#ColoradoRiver Headwaters Project #COriver

Colorado River headwaters tributary in Rocky Mountain National Park photo via Greg Hobbs.
Colorado River headwaters tributary in Rocky Mountain National Park photo via Greg Hobbs.

Here’s a guest column from Paul Bruchez that is running in Steamboat Today:

A few years ago, I saw an opportunity to fix the irrigation problems while also improving river and wildlife habitat. My family’s ranch is in one of the most intact traditional agricultural communities remaining in Colorado. Like most ranchers, we’re independent folks — but in a pinch, we know we can count on each other.

Our neighbors came together and agreed on the need for action. Our group of 11 private ranches and the Bureau of Land Management, the irrigators of lands in the vicinity of Kremmling, received a couple of grants for a pilot project to restore a riffle/pool structure on a stretch of the river. It was an exciting start.

But I quickly realized that, given the scale of the problems, we needed to think bigger.

We worked with a variety of partners — Trout Unlimited, American Rivers, the Colorado Basin Roundtable, the Colorado Water Conservation Board, Grand County government, Northern Water, Denver Water, Colorado Parks and Wildlife, the Upper Colorado River Alliance, the Colorado River District and other river stakeholders — to put together an ambitious proposal for restoring a significant stretch of the Upper Colorado River.

In December, the U.S. Department of Agriculture’s Natural Resources Conservation Service recognized that big vision, awarding ILVK and our partners $7.75 million under the Regional Conservation Partnership Program to improve irrigation systems and reverse the decline in water quality and fish habitat in the headwaters of the Colorado River.

This funding is an amazing win for all Coloradans, because a healthy Colorado River sustains all our lives.

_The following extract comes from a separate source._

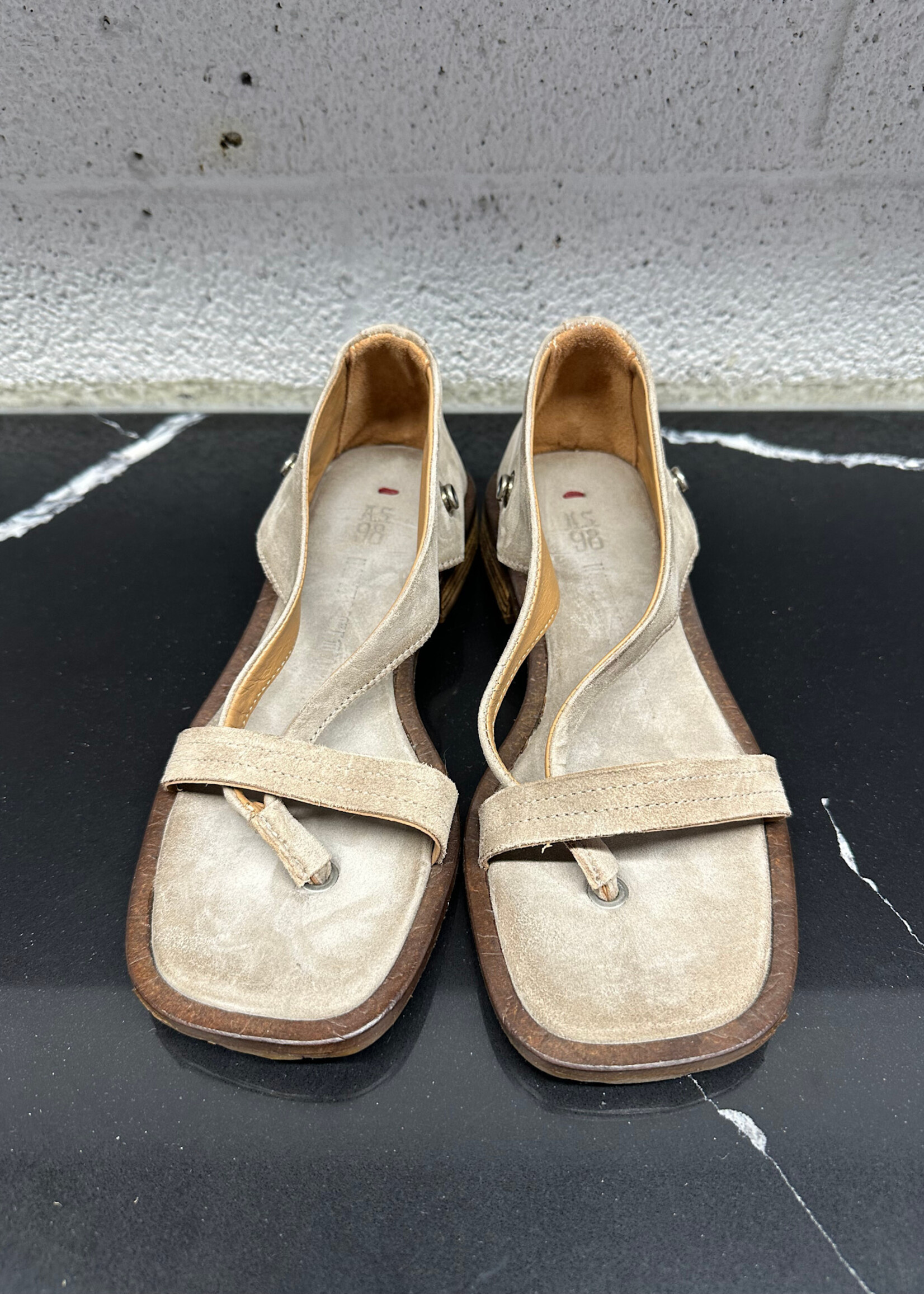 AS.98 Grey Suede Snap Gaiter Sandal 7.5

The Colorado River Headwaters Project will install several innovative instream structures designed to improve water levels for irrigation, while enhancing critical river habitat by rebuilding riffles and pool structure. A crucial piece will be restoring approximately one mile of the Colorado River’s former channel, currently inundated by Windy Gap Reservoir. This ambitious bypass project will reconnect the river — for the first time in decades — and improve river habitat in the headwaters area.

When fully implemented, the Headwaters Project will directly benefit more than 30 miles of the Colorado River and 4,500 acres of irrigated lands and make available up to 11,000 acre-feet of water to improve the river during low-flow conditions.

What have I learned from this project? That the interests of agriculture producers can align with the interests of conservation groups, state agencies, water providers and other river users. It’s not just the waters of the Colorado River that are connected — so are the people who depend on it.

The Colorado River flows through all of our lives. By working together, we can find smart, creative solutions that keep the Colorado healthy and working for all of us.

Paul Bruchez is a rancher who lives near Kremling.